The Invention of Hugo Cabret
posted January 25, 2007


Creator: Brian Selznick
Publishing Information: Scholastic, softcover, 544 pages, March 2007, $22.99
Ordering Numbers: 9780439813785 (ISBN13)

Illustrators Brian Selznick's new children's book is a prose novel with a gimmick, but not the one you're initially led to believe it will be. Nearly half of the 500-plus pages are given over to page to page comics sequences, done in Selznick's lovingly shaded black and white, that flow smoothly from prose section to prose section without pause, like being plunged underwater and having to view things different for a moment. There's no particular type of sequence he leans towards in comics form -- the reader will find action sequences as well as close studies -- although it seems that within those moments Selznick favors oblique captures of faces and hands.

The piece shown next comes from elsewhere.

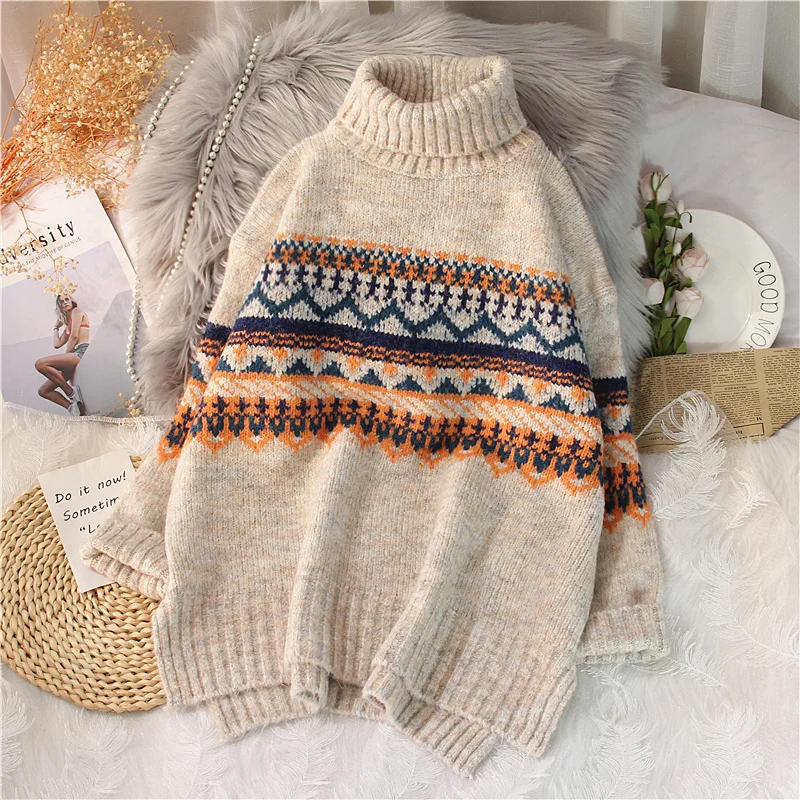 

EBAIHUI Woman Sweaters Print Turtleneck Vintage Thick Winter Clothes Knitted Casual Baggy Jumper Long Sleeve Top Chic Streetwear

What's special about Invention of Hugo Cabret isn't the use of sequential storytelling -- we've seen that before -- but that its use corresponds to the story's recurring employment of silent movie imagery and valuations, film's ability to capture attention and provide moments of awe. I don't think I can recall one type of art standing in for another quite like that before, and the overall effect is of being plunged into a moment in visceral fashion, the way a memory of participating in a story being told might overtake a practiced version that you describe over coffee.

Beyond that, I'm not immersed enough in young adult literature to give you a fair appraisal of the book overall, to know what I'm reacting to because of the story itself as opposed to what might be novel because I don't regularly read such books. It definitely is that kind of work, too. My suspicion is that it's pretty good. I enjoyed it, and I can imagine it holding the attention of a younger version of me, and it's sturdy; you don't feel manipulated while reading it, and you don't know exactly where it's going to go for long stretches at a time. The story has a generosity that forgives people who do harmful things in trying to help. If I were to read it again, it would be with close attention to effect over story. But I think it's likely I will pick the book up again, and that by itself is worth a mention.